Il preside pubblica su Facebook le chat degli alunni per sconfiggere il bullismo

Chat di bulli a scuola

Il bullismo è una forma di violenza spesso subdola, che agisce nell’ombra e nel silenzio di chi ha paura, ma c’è chi ha deciso di smascherarla: il dirigente dell’istituto comprensivo Sanvitale-Salimbene ha pubblicato su Facebook alcuni stralci delle chat di whatsapp di alcuni alunni. E poi l’appello ai genitori: ‘Non serve andare dal preside e chiedere cosa fa la scuola quando la vittima di turno non ha più il coraggio di uscire di casa. E’ troppo tardi. Cominciamo a fare qualcosa tutti. Ora’.

Il preside Pier Paolo Eramo ha riflettuto a lungo prima di prendere la decisione di rendere pubbliche alcune discussioni dai contenuti violenti e volgari, intercorse tra alcuni alunni delle medie.

Ovviamente per questioni di privacy sono stati oscurati i nomi dei partecipanti, ma poco importa, visto che l’obiettivo primario non era quello di identificare un singolo colpevole, bensì di arginare su larga scala un fenomeno, quello del bullismo, che rischia di portare a gravi conseguenze.

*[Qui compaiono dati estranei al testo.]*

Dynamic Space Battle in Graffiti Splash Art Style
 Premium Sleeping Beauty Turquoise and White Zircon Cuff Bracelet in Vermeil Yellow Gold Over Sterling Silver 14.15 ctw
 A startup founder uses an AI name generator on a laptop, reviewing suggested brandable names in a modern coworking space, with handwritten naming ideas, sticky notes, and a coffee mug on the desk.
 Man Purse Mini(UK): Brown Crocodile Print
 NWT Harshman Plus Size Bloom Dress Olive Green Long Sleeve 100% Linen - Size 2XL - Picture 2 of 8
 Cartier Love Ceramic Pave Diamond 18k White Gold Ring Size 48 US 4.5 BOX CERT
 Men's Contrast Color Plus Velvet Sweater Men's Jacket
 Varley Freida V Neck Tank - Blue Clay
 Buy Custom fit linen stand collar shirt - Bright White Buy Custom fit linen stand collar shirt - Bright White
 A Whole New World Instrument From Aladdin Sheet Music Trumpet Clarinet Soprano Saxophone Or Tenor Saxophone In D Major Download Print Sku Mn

‘Bimbo minchia obeso’, ‘Secchione di merda’, ‘Faccia da vagina in calore’: sono solo alcuni degli insulti presenti nelle conversazioni di Whatsapp, che sono state intercettate dagli insegnanti.

A corredo delle terribili parole pubblicate sulla pagina Facebook della scuola, il preside ha aggiunto una sorta di sfogo personale:

‘Ci siamo stufati. Dopo molte esitazioni scelgo di pubblicare alcuni messaggi che due nostri alunni si sono scambiati su un gruppo Whatsapp di una delle nostre classi delle medie. Lo faccio perché siamo stufi. Siamo stufi di questo assurdo mondo parallelo che ci inquina; siamo stufi dell’uso sconsiderato e irresponsabile delle parole; siamo stufi dell’assenza degli adulti’.

Infine ha rivolto un vero e proprio appello a tutti i genitori:

‘Non vogliamo più sentire che era solo uno scherzo, un gioco, che non immaginavamo, che non sapevamo. E’ ora di chiedersi se questo è quello che vogliamo dai nostri ragazzi e agire di conseguenza. E’ ora di prendere in mano il cellulare dei nostri figli, di guardarci dentro (perché la privacy nell’educazione non esiste), di reagire, di svolgere in pieno il nostro ruolo di adulti, senza alcuna compiacenza, tolleranza bonaria o, peggio, sorniona complicità’.